Mi madre, jubilada, es bibliotecóloga de la Escuela Interamericana de Bibliotecología (faro académico que hace poco publicó una carta de protesta por el nombramiento del nuevo director de la Biblioteca Pública Piloto de Medellín, BPP). Desde muy niña, en los convulsionados años 70 en la Universidad de Antioquia, vi cómo ella se quemaba las pestañas con lecturas que abarcaban desde bibliotecología hasta hermenéutica y filosofía. Su vida laboral la dedicó a la fundación y expansión de una biblioteca escolar infantil. Al atardecer, nos leía las novedades: mi hermano mayor y yo éramos sus conejillos de indias, augurios de los libros que podrían conquistar a los estudiantes del Colegio San Ignacio de Loyola.
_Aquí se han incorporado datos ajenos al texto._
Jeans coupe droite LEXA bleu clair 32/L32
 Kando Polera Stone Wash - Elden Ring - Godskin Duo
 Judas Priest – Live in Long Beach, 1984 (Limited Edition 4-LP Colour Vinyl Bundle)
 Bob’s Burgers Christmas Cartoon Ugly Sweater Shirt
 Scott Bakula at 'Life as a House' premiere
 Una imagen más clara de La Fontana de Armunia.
La misión de los bibliotecólogos (de la academia) y bibliotecarios (empíricos) supera la técnica de identificar, clasificar, organizar y distribuir libros. Son líderes comunitarios; me basta con escuchar las historias de las bibliotecas como refugio, territorios neutrales en momentos aciagos de violencia barrial en mi ciudad. O con ver cómo muchos señores reconocen a mi madre —con quien aprendieron a amar la lectura— como un personaje memorable de su historia personal.
El gran Ricardo Piglia dejó sus primeros recuerdos lectores en la biblioteca pública de Mar del Plata. Almudena Grandes cataloga las bibliotecas públicas como “reductos de la civilización”: “En este momento en que la literatura está tan amenazada porque tiene que competir con tantas puertas maravillosas a todo color, las bibliotecas son fundamentales porque los lectores necesitan trincheras”. La BPP y sus filiales son trincheras en territorios de guapos y violentos sedientos de reclutas. Conectan a los jóvenes con el mundo, le responden al resto del planeta sobre nuestro patrimonio y memoria. Dotan de vida a elementos (libros, fotos…) aparentemente inanimados.
Aquello de la “toma hostil” va más allá del campo bursátil. Cuando Daniel Quintero les saca la lengua al GEA, a Hidroituango o a los operadores de la jardinería urbana, la afectación es inmediata: los empresarios se defienden, la alerta por la seguridad energética sacude al país, mientras las zonas verdes de la “Ciudad de la Eterna Primavera” parecen un potrero abandonado… pero el secuestro politiquero de la BPP es un daño agazapado, lento, que pasará factura con los años.
Esta no es una pataleta de intelectuales “molestos” marcando territorio. La toma burocrática de la BPP es una puñalada que el “muchacho del Tricentenario” le da al corazón cultural de Medellín, a sus habitantes más vulnerables.